The Eurograduate survey 2022 of higher education graduates carried out by Statics Austria is an inspiring example of how to fruitfully combine register with survey data: 1) The sample was drawn from the official database of educational pathways at Statistics Austria which comprises all students and graduates for every year. 2) Contact data of these graduates derived from the higher education institutions (or overarching service institutions) was validated with data from the Central Population Register. 3) We can make use of all pseudonymized information of the registers hosted at Statistics Austria at individual level for purposes of weighting . Next to the database of educational pathways we exploit data about employment status for the weighting. 4) Finally, the processed and pseudonymized data will be hosted at the Austrian Micro Data Centre (AMDC) at Statistics Austria, where research institutions can link the survey data on pseudonymized individual level to all other data sources that include the relevant pseudonymized personal identifier.

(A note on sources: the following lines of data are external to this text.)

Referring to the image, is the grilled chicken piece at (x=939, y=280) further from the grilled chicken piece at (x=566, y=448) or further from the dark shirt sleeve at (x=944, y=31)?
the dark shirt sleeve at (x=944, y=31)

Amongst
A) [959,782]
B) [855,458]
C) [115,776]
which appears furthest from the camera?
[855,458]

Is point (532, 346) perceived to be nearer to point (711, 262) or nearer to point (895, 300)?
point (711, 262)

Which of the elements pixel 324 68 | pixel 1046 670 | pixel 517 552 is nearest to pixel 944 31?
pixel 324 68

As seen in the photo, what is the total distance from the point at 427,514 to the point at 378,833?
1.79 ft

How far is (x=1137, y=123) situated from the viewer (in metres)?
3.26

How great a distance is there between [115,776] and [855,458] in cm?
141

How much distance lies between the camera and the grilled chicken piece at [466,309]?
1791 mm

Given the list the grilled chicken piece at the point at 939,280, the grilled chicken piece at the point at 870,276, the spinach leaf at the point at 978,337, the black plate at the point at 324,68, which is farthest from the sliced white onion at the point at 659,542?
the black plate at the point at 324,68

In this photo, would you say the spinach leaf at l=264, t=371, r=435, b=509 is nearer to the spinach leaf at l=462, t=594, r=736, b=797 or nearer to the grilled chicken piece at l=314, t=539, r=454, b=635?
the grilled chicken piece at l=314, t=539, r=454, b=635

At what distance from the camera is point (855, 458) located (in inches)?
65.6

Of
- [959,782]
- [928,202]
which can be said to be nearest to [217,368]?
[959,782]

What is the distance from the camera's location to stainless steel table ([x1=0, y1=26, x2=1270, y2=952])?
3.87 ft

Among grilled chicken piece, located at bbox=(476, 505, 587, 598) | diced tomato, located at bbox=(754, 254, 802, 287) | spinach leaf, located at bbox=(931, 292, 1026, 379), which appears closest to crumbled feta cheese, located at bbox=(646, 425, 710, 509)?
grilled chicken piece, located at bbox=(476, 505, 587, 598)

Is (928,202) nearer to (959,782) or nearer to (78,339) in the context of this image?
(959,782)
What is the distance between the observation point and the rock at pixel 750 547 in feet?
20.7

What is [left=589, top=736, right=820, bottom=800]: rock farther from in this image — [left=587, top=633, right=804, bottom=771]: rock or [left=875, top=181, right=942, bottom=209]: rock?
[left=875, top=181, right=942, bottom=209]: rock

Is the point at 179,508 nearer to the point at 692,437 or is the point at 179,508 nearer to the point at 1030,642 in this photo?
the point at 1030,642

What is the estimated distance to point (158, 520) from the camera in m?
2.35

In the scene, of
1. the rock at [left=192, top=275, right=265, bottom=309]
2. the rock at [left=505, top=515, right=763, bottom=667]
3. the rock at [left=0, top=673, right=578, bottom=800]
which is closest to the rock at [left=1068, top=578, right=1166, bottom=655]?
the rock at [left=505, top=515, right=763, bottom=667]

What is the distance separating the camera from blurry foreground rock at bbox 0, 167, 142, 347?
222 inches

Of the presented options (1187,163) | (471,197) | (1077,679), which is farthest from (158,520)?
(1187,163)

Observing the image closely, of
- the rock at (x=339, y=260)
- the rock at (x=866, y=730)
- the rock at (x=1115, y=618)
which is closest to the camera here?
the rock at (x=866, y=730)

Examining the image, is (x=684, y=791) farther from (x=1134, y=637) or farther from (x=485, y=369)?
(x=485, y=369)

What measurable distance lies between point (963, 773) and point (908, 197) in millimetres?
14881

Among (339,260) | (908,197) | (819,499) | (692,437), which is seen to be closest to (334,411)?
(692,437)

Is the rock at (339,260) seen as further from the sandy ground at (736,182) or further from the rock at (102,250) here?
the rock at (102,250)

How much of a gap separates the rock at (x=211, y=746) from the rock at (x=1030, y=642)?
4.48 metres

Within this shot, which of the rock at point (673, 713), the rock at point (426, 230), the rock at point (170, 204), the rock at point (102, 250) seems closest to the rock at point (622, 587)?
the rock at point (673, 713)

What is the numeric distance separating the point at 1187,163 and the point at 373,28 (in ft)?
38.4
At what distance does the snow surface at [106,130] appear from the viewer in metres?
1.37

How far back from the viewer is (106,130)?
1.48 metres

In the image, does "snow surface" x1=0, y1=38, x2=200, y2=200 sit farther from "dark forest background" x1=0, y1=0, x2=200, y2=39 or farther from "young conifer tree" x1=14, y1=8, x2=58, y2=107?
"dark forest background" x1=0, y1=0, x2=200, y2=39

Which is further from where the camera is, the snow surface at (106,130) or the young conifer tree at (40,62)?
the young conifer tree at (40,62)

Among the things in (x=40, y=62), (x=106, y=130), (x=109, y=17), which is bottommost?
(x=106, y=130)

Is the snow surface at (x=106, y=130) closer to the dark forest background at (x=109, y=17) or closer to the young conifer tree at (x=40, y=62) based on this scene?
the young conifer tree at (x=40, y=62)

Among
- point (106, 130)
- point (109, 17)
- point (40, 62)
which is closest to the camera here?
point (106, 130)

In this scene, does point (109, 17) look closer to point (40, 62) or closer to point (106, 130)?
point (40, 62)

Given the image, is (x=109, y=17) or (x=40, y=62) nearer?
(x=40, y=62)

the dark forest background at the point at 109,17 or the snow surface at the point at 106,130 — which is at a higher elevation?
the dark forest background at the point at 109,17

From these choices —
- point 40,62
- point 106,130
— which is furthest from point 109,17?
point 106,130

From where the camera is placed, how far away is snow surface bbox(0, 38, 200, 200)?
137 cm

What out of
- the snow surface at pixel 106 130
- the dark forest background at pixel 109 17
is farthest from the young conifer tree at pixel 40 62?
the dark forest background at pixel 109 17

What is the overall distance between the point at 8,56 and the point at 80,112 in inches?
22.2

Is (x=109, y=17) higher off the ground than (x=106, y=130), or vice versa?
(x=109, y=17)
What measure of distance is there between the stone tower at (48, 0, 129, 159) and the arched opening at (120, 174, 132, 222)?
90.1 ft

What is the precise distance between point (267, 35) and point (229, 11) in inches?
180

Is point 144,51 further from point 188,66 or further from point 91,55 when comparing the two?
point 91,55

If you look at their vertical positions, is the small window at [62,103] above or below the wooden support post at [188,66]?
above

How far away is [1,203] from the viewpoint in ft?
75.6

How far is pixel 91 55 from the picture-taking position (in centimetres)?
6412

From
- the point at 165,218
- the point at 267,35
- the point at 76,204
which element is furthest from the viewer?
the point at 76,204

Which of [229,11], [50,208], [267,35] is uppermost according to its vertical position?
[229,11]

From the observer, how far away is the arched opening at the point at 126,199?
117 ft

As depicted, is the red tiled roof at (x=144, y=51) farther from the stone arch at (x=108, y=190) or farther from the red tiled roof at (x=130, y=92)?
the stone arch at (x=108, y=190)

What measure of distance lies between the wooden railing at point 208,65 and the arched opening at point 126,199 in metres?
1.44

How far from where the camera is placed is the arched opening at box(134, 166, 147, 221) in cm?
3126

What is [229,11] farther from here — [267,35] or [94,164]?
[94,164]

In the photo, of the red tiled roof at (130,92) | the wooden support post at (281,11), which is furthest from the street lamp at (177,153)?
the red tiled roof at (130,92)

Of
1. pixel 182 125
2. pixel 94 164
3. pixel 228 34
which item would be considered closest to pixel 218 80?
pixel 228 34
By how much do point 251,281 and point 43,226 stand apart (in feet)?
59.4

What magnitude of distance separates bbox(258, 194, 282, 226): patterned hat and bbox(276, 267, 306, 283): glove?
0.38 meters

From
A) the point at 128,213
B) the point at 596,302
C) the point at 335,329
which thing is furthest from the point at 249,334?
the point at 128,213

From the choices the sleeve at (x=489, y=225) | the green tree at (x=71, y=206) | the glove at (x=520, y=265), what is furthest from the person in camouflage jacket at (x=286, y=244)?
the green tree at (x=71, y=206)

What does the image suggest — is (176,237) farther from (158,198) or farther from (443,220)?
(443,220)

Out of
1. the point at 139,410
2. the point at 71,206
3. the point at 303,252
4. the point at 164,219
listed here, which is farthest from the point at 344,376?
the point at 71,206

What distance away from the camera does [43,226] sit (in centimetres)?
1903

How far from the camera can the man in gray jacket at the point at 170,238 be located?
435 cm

A well-designed data-privacy strategy allows detailed analysis but guarantees that no identification of persons is possible.
With this close interplay of registers and survey data, we were able to achieve a return rate of above 55 per cent. Furthermore, we have well calibrated data due to a precise weighting database and the potential for analyses far beyond the scope of the survey.
In our presentation, we give an overview of the whole process of data generation, we will show some insights on the potential challenges of the linkage of various data sources and provide analysis on deviations between survey and register data. Overall, our example shows the potential that National Statistical Institutes have in the provision of comprehensive high-quality databases for scientific purposes due to the combination of register and survey data while meeting highest standards in data protection.